KANSAS CITY — Mexico wants a negotiated settlement in the sugar trade dispute with the United States and will take the case to the World Trade Organization if an agreement is not reached, according to a Dow Jones Newswires story quoting Mexican economy minister Ildefonso Guajardo.
Mr. Guajardo said Mexico was aiming for an agreement before the cane harvest begins there, which typically is in late November-early December, and before the U.S. Department of Commerce decides on antidumping duties on Oct. 24, according to the report. Those duties would be in addition to countervailing duties imposed as of Sept. 1 by the D.O.C. on U.S. imports of sugar from Mexico.

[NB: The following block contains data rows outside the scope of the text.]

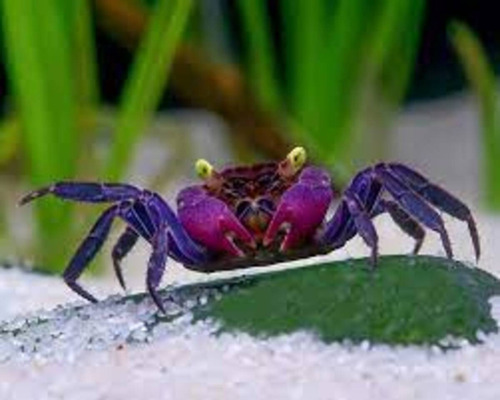 Cangrejo Vampiro Halloween Paludarios Acuario - Geosesarma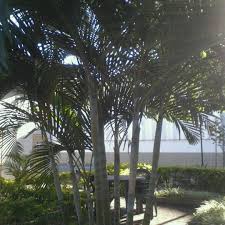 Apr 20, 2021 · kspg automotive brazil ltda. Photos At Kspg Automotive Brazil Ltda Divisao Ks Kolbenschmidt 5 Tips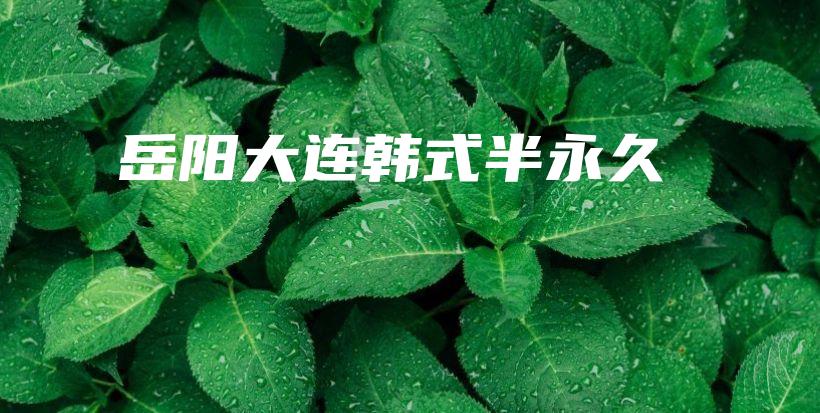 岳陽(yáng)大連韓式半永久插圖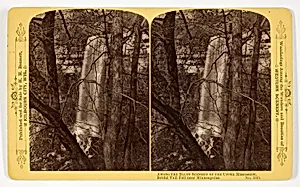Bridal Veil Fall near Minneapolis, No. 1515 from the series "Among the Bluff Scenery of the Upper Mississippi"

U.S. sugar producers in a March 28 petition to the D.O.C. and the U.S. International Trade Commission claimed Mexico was dumping subsidized sugar into the United States at a cost to U.S. producers of about $1 billion in the marketing year that just ended Sept. 30. So far the U.S. government has found in favor of the U.S. sugar producers, but the case is far from concluded with final determinations not due until early 2015.
Mr. Guajardo denied that Mexico was dumping sugar on the U.S. market.
“If we don’t reach an agreement, everyone loses,” Mr. Guajardo said in the Dow Jones story. “The Americans would lose because we’d take them to the W.T.O.; Mexicans would lose because they’d lose access to a fundamental market.”
U.S. imports of sugar from Mexico were estimated by the U.S. Department of Agriculture at a record high 2,136,000 short tons, raw value, in 2013-14, equal to about 15% of total U.S. supply.